Metrics using calculate_luna_judge_score can now specify a required: true flag. - Behavior: If a required judge provider fails to initialize (e.g., missing API key or unknown provider), the engine raises a RuntimeError (wrapped as a JudgeConfigurationError in the UI). - Fallback: If not required, the engine logs a warning and falls back to Jaccard similarity to prevent crashing the evaluation.

8.3 Hardened Metric Loop

The SessionManager now wraps metric calculations in a try-except block. A single malformed metric or a transient failure during judging will no longer terminate the entire multi-scenario run.

Register a new metric:

from eval_runner.metrics import MetricRegistry

@MetricRegistry.register("my_score")
def my_score(criterion, summary):
    return 1.0 if "pass" in summary else 0.0

# Ensure the module containing this function is imported in eval_runner/metrics/__init__.py


🛠️ 9) Sandbox Workspace Lifecycle

The ToolSandbox now supports automated environment management via lifecycle hooks:

9.1 Setup & Teardown

  • setup(): Initializes a fresh workspace directory (under workspaces/) for the scenario.
  • teardown(): Cleans up the workspace directory after execution.

9.2 Configuration

Cleanup is conditional based on the scenario metadata:

{
  "scenario_id": "example-123",
  "metadata": {
    "cleanup_workspace": true
  }
}
If cleanup_workspace is false (default for many research scenarios), the directory is preserved for forensic analysis.

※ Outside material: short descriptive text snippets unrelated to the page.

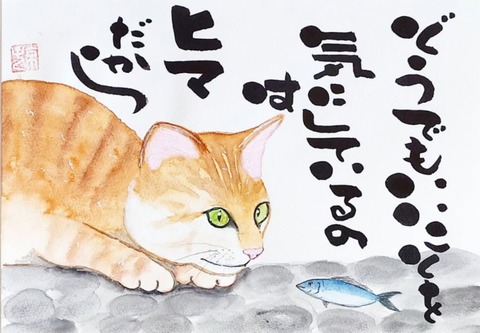 24-12-22-23-01-26-436_deco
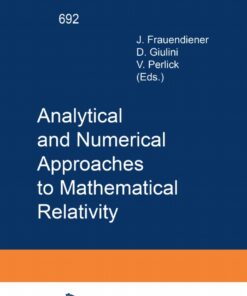 Analytical and Numerical Approaches to Mathematical Relativity eBook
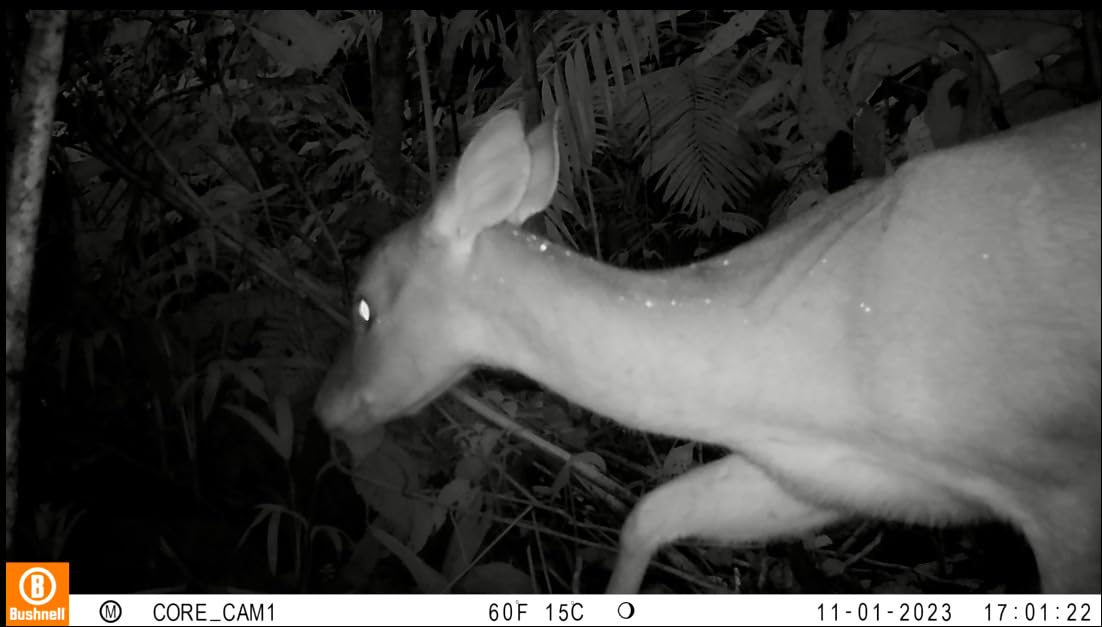 Bushnell No Glow Trail Camera CORE S-4K customer photo 1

🤝 10) Contribution & Verification Flow

  1. Add scenario JSON in industries/<industry>/scenarios/.
  2. Run with multiagent-eval run --scenario <path>.
  3. Add specialized metrics or plugins as needed.
  4. Coverage Standard: All new core utilities must target 90%+ coverage.
  5. Verification: Run the full suite with pytest tests/.
  6. Linting: Ensure compliance with flake8 standards.

For internal logic of utilities like doctor or quickstart, see the corresponding files in eval_runner/.